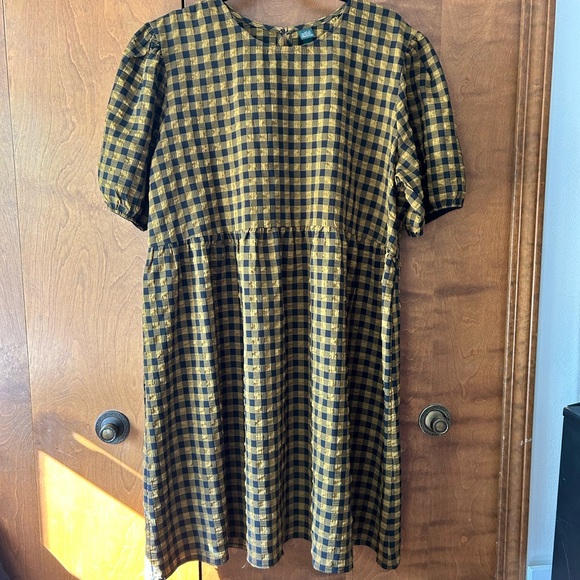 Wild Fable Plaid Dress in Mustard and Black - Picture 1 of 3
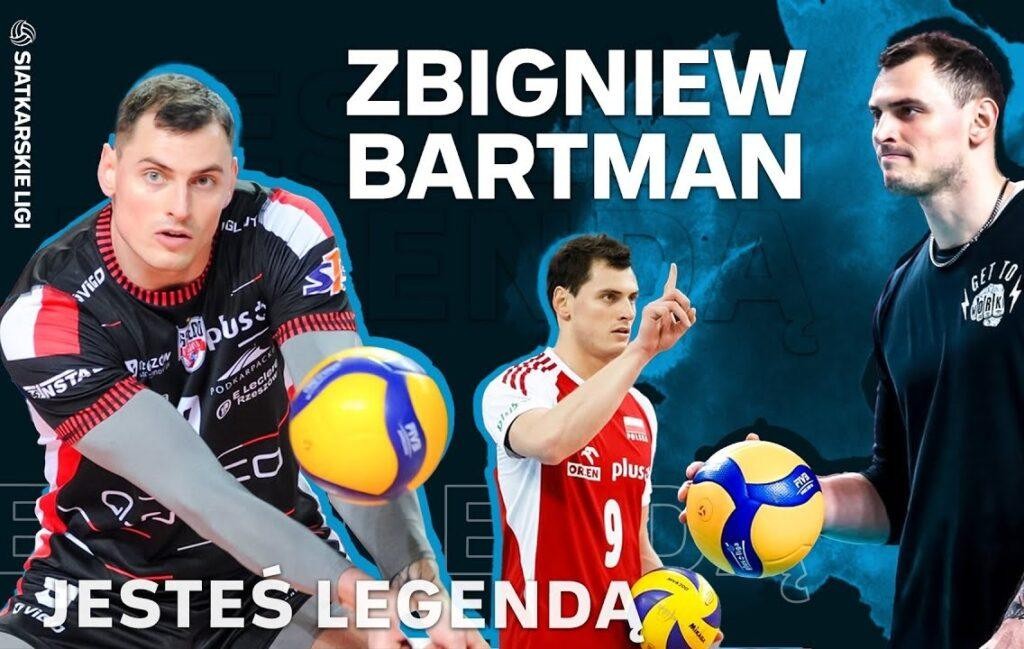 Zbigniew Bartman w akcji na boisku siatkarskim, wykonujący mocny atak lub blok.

★ ★ ★ ★ ★ ★ ★

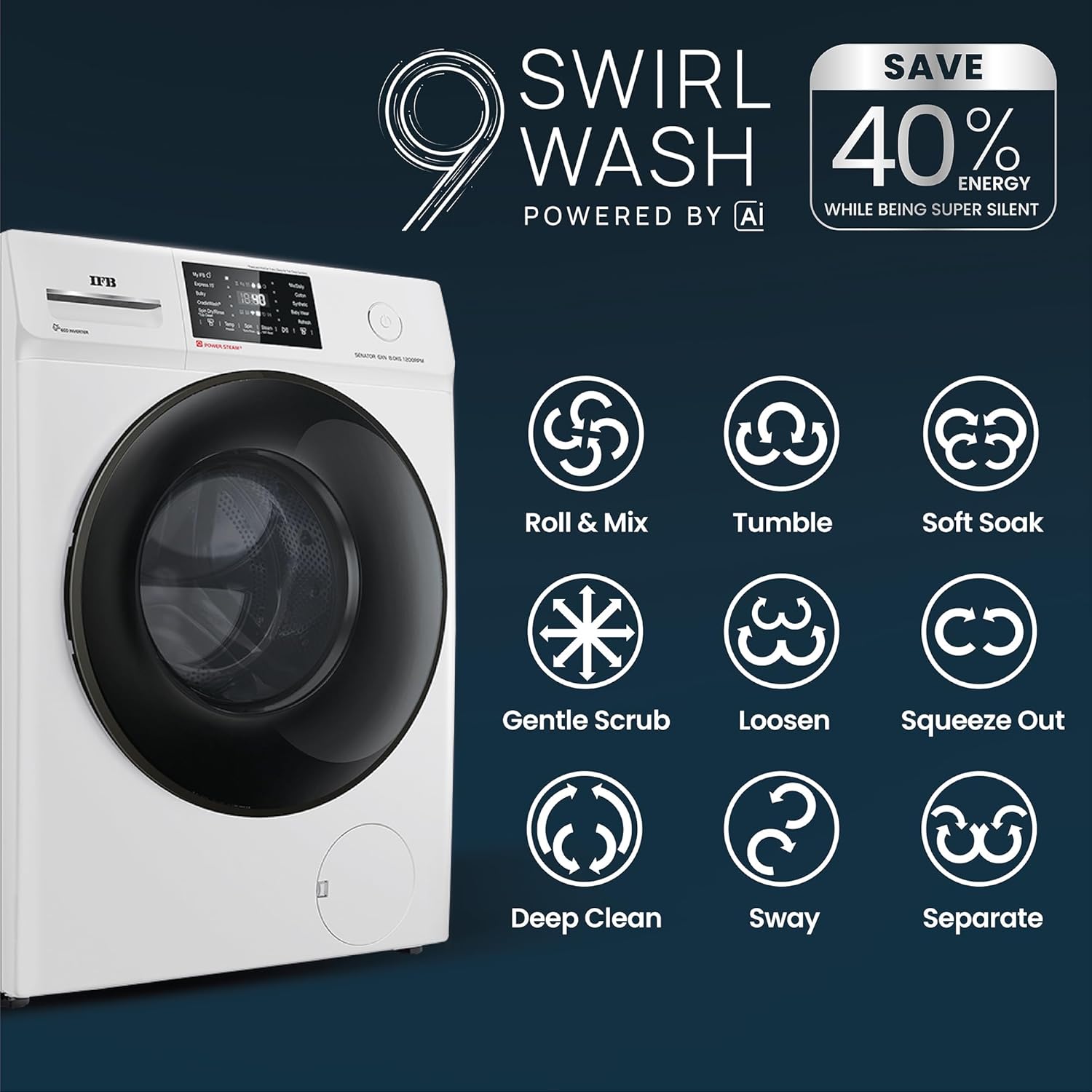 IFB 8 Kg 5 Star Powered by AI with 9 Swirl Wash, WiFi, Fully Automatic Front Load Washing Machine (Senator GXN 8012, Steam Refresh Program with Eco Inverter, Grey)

★ ★ ★ ★ ★ ★ ★

**Exercise brief:**
Using the data above, retype exactly the lines from the line with "Wild Fable Plaid" to the line with "Zbigniew Bartman w", inclusive. No pictures and nothing else.

**Solution to the problem:**
 Wild Fable Plaid Dress in Mustard and Black - Picture 1 of 3
 Zbigniew Bartman w akcji na boisku siatkarskim, wykonujący mocny atak lub blok.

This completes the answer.